Short text fragments from websites:
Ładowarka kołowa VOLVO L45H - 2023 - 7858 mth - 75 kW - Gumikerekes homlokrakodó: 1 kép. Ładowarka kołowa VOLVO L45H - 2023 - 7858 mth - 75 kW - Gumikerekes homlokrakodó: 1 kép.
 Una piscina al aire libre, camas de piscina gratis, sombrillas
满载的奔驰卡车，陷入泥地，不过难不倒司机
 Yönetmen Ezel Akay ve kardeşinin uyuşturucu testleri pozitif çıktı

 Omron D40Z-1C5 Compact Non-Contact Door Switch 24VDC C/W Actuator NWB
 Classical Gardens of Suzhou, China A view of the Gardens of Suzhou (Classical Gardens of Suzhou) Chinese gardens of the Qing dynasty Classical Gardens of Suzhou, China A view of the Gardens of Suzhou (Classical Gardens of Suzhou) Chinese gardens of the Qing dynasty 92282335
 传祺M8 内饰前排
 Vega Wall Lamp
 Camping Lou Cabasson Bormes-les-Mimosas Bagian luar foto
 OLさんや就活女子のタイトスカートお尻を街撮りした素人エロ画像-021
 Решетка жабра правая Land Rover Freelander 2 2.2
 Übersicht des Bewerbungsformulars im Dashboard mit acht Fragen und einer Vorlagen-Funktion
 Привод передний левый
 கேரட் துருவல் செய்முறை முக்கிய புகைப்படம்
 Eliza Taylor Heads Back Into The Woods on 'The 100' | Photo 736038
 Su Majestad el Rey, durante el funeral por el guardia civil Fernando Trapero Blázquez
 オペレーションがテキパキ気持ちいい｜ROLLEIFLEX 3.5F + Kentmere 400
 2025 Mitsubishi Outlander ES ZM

Exercise prompt
Set down exactly what runs from the line containing "கேரட் துருவல் செய்முறை முக்கிய புகைப்படம்" through the last line above, both lines included.

Result
 கேரட் துருவல் செய்முறை முக்கிய புகைப்படம்
 Eliza Taylor Heads Back Into The Woods on 'The 100' | Photo 736038
 Su Majestad el Rey, durante el funeral por el guardia civil Fernando Trapero Blázquez
 オペレーションがテキパキ気持ちいい｜ROLLEIFLEX 3.5F + Kentmere 400
 2025 Mitsubishi Outlander ES ZM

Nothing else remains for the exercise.